Controlled clinical trials
are necessary to get definitive answers on whether convalescent plasma can stop
disease or improve symptoms of COVID-19, and which people it could help the
most. But a look at the history of infectious diseases, described in a
commentary April 1 in the Journal of
Clinical Investigation
, provides many instances in which passive
antibody therapy appeared to prevent or ameliorate infections. Convalescent plasma was used to help stop outbreaks
of measles and mumps before vaccines were available, and there’s some evidence
that those who got the plasma during the 1918 influenza pandemic were less
likely to die.

Convalescent plasma has also
been put to use against SARS and MERS, the two other coronavirus epidemics. But
studies that showed some benefit didn’t compare how the treatment worked
against a placebo. That’s also true for the first studies on using the plasma
to treat COVID-19. In one, five patients critically ill with COVID-19 and on
mechanical ventilation received convalescent plasma 10 to 22 days after being admitted
to a hospital in Shenzhen, China. As of March 25, three of the patients had been discharged, after a little over 50 days in the hospital, and two
were in stable condition 37 days after the transfusion, researchers report
March 27 in JAMA. Although the
patients improved, they had also gotten antiviral medications, so it’s unclear
which therapy, if any, had an impact.

Plasma questions

In the United States, some blood
banks and hospitals are gearing up to collect plasma from people who’ve recovered
from COVID-19. The Red Cross has set up a donor request form for people who would like to contribute plasma.
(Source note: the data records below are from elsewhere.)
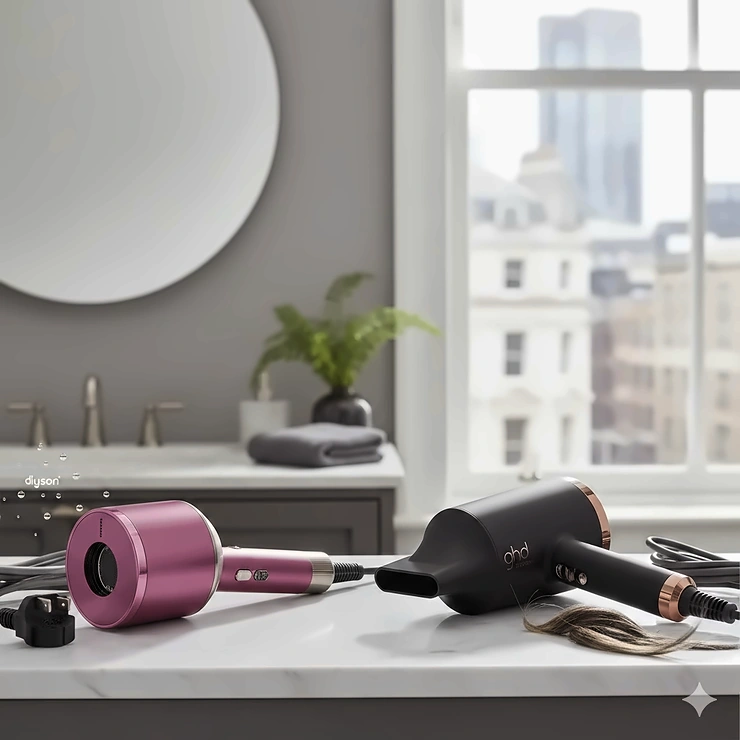 A side-by-side comparison of the Dyson Supersonic and the ghd Helios professional hair dryer on a marble vanity. GHD vs Dyson hair dryer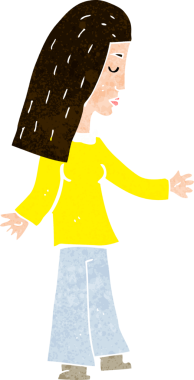 Bir insan tarafından çizilmiş açık kollu çizgi film kadını.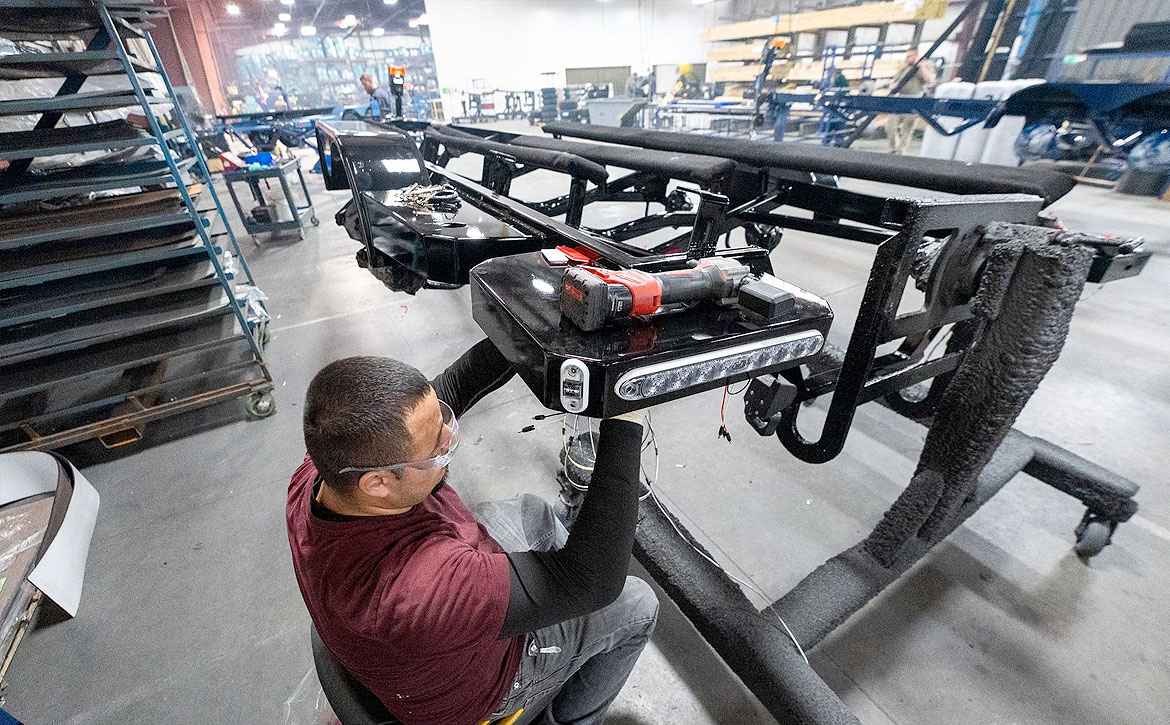 Custom details on a boat trailer being made at Marine Components.
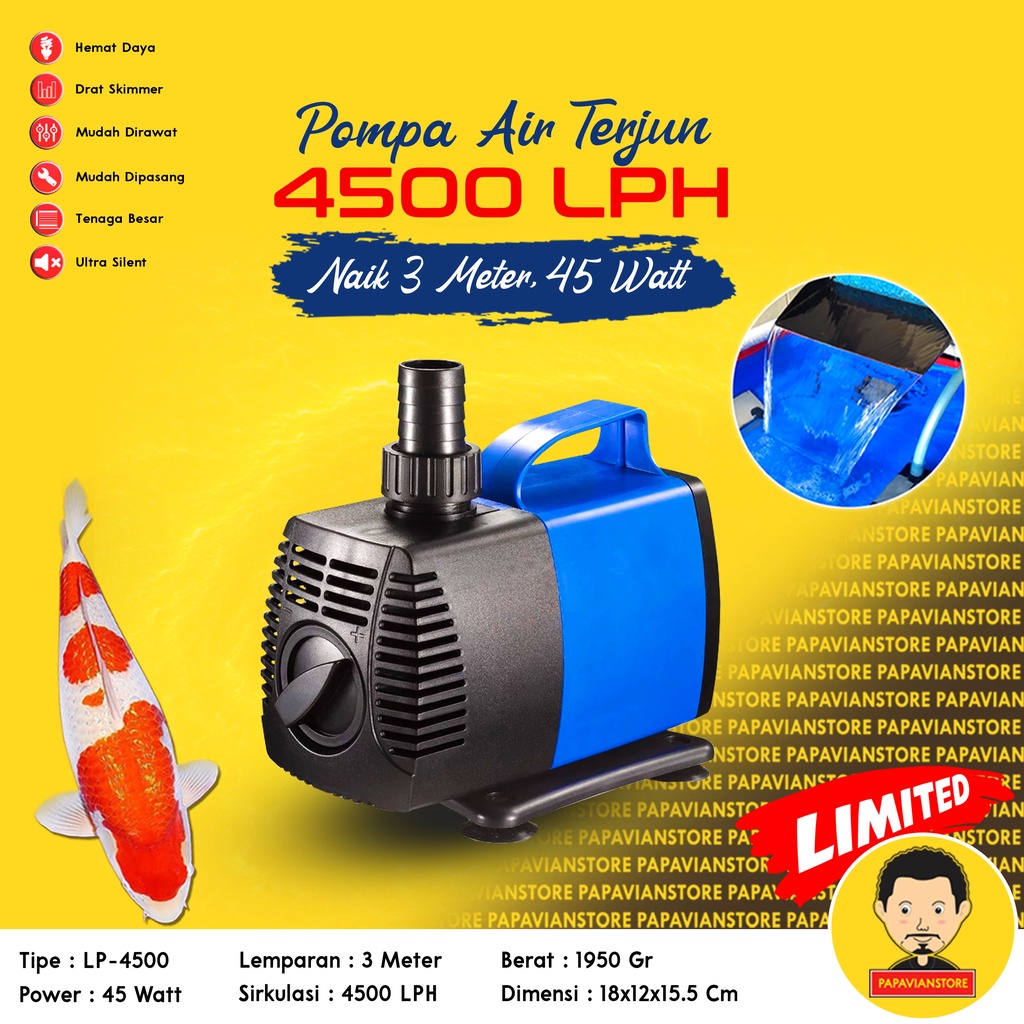Pompa Kolam Ikan Koi Low Watt - Mesin Pembuat Air Terjun Celup 4000 Liter Low Watt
The National COVID-19
Convalescent Plasma Project also has information on how to register
to donate plasma.

For the U.S. clinical
trials, the researchers will be scrutinizing the donated plasma to determine
whether it contains neutralizing antibodies, Henderson says. This type of
antibody prevents the virus from entering a host cell, thereby stopping the
infection. Data so far suggest that the spike protein, a particular protein in
SARS-CoV-2 which the virus uses to bind to a protein on human cells (SN: 2/3/20),
is a target of neutralizing antibody.

Researchers suspect that
this type of antibody is what makes convalescent plasma effective. And it also
hints at when using the plasma may be most beneficial.

Early on in the disease, the
virus is infecting cells and hijacking cell machinery to make many copies of
itself. “But as the disease progresses, the tissue damage done by the virus is
more difficult to reverse and isn’t necessarily reversed by something that is
solely targeted towards the virus itself,” such as antibodies, says Henderson. The
body’s inflammatory response can be contributing to the damage.

It doesn’t mean that passive antibody therapy wouldn’t help someone critically ill with COVID-19, he says. “We have so much to learn, of course, but we’re thinking the antibodies may prevent the virus from expanding its numbers.”

Clinical trials of convalescent plasma are beginning in other countries, too. As doctors await answers from completed trials, additional patients may receive the treatment under the FDA’s emergency authorization. It’s great that critically ill patients and their doctors have that option, Shoham says. In the meantime, “we’re trying to … find out if [convalescent plasma] actually works.